• DIRECTIONS FOR THIS TASK
From the material below, please set down exactly the lines starting with the one with "child holding medals" and going on through the one with "Male hand in", without a single picture.

(DATASET EXCERPTS Opens)

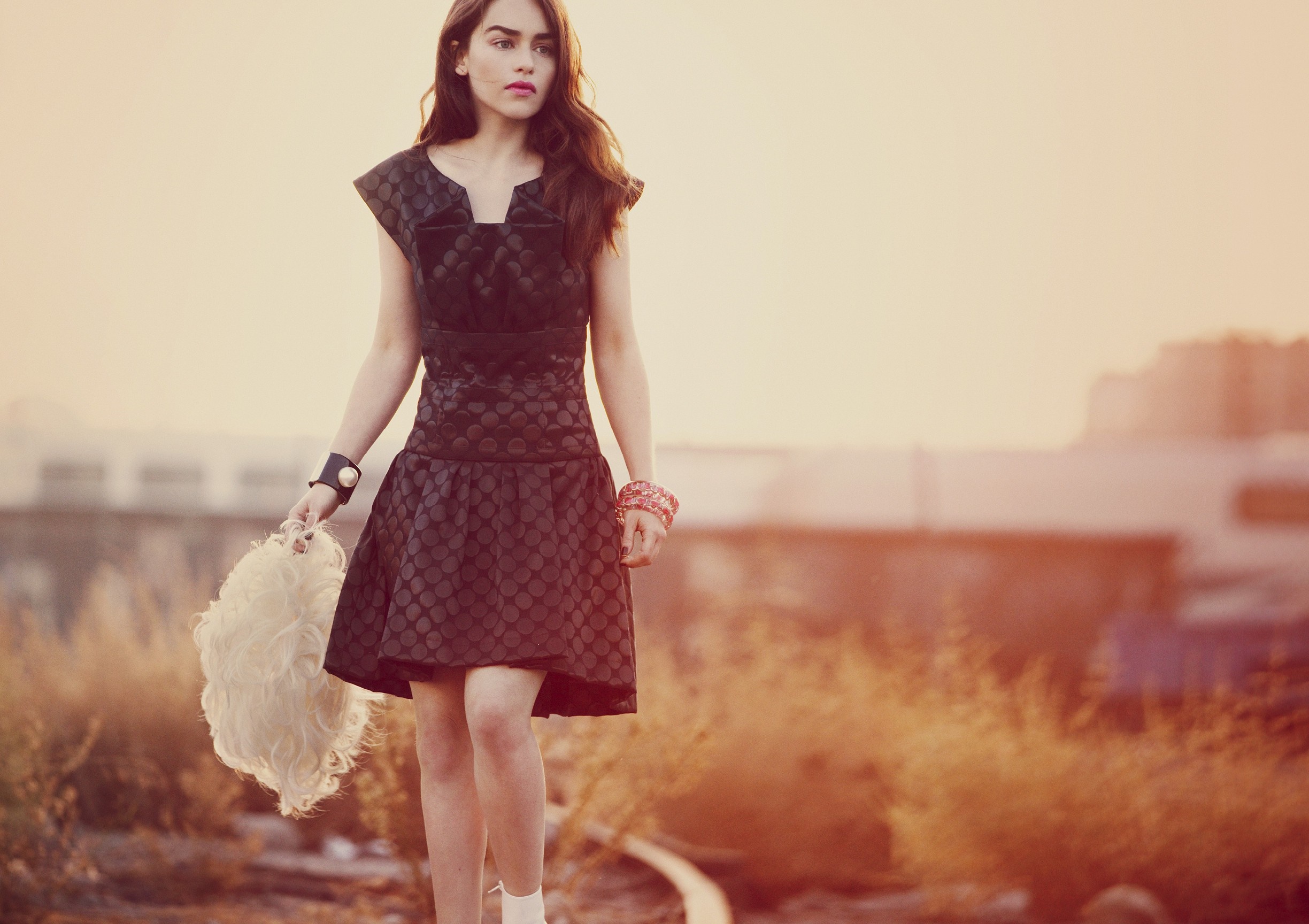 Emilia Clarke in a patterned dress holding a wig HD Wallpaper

(DATASET EXCERPTS Closes)
(DATASET EXCERPTS Opens)

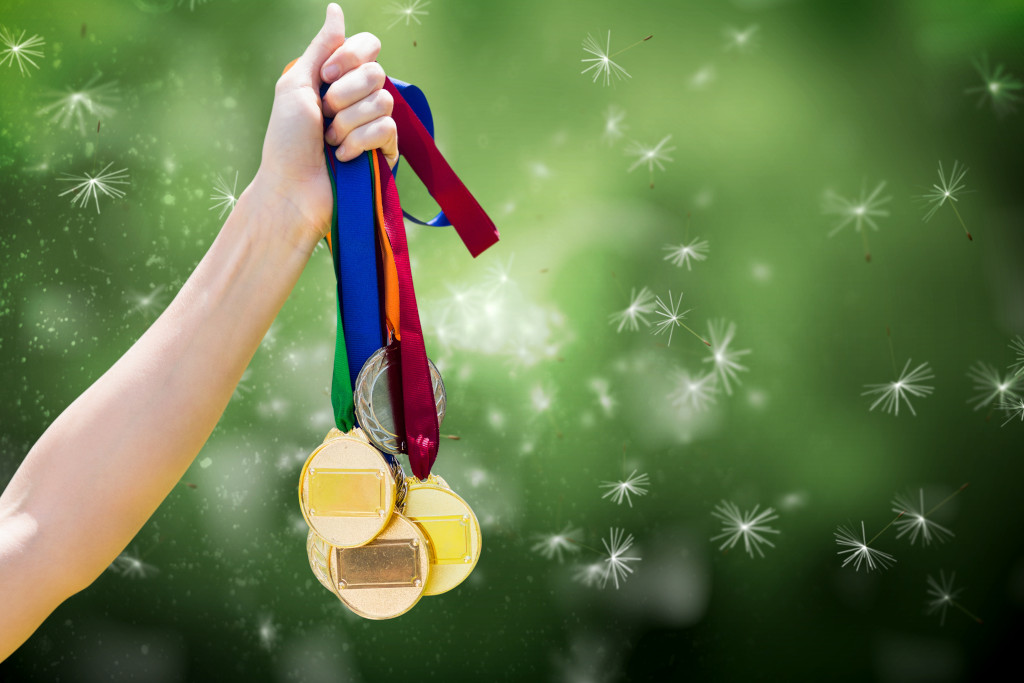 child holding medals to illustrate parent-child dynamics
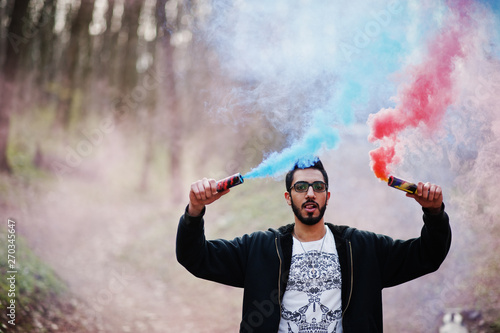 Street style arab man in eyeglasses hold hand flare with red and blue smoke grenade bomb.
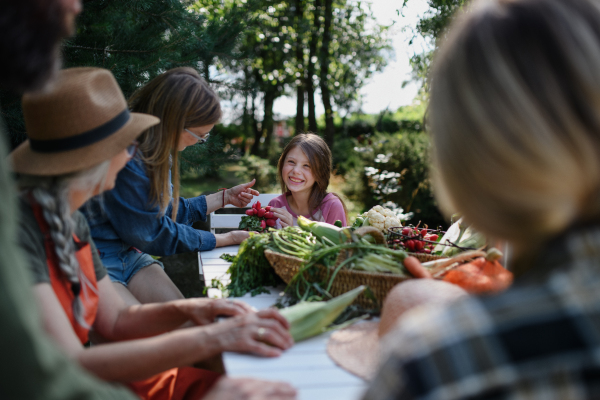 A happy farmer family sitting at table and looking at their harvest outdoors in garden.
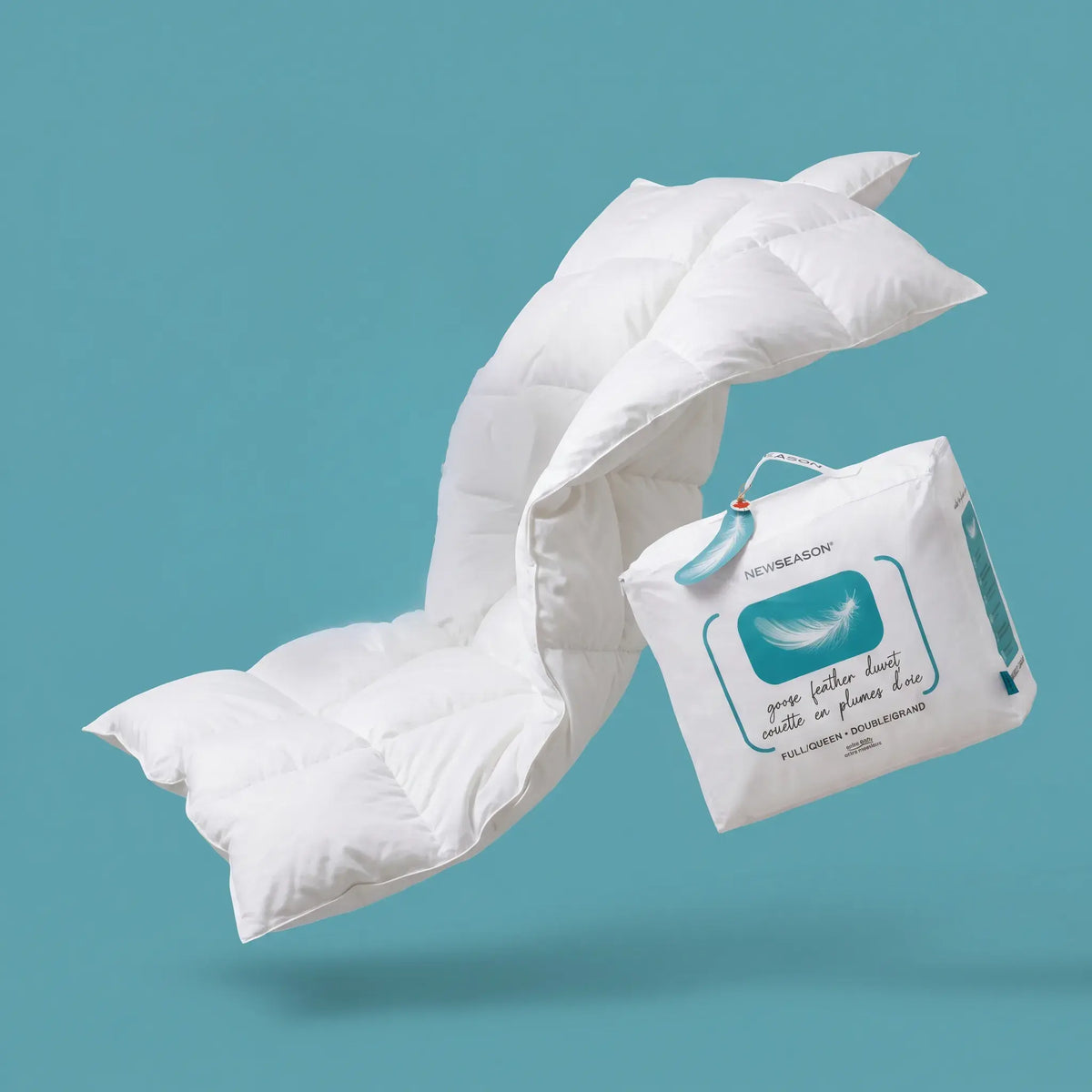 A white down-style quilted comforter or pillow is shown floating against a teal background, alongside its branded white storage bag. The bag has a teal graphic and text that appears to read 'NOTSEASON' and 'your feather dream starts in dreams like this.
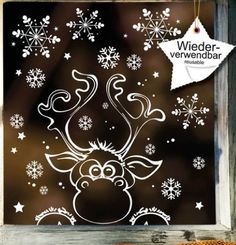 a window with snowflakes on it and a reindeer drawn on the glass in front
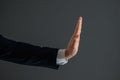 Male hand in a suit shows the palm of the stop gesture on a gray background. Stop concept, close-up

(DATASET EXCERPTS Closes)
(DATASET EXCERPTS Opens)

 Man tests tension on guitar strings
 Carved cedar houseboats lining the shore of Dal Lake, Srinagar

(DATASET EXCERPTS Closes)

• TASK RESPONSE
 child holding medals to illustrate parent-child dynamics
 Street style arab man in eyeglasses hold hand flare with red and blue smoke grenade bomb.
 A happy farmer family sitting at table and looking at their harvest outdoors in garden.
 A white down-style quilted comforter or pillow is shown floating against a teal background, alongside its branded white storage bag. The bag has a teal graphic and text that appears to read 'NOTSEASON' and 'your feather dream starts in dreams like this.
 a window with snowflakes on it and a reindeer drawn on the glass in front
 Male hand in a suit shows the palm of the stop gesture on a gray background. Stop concept, close-up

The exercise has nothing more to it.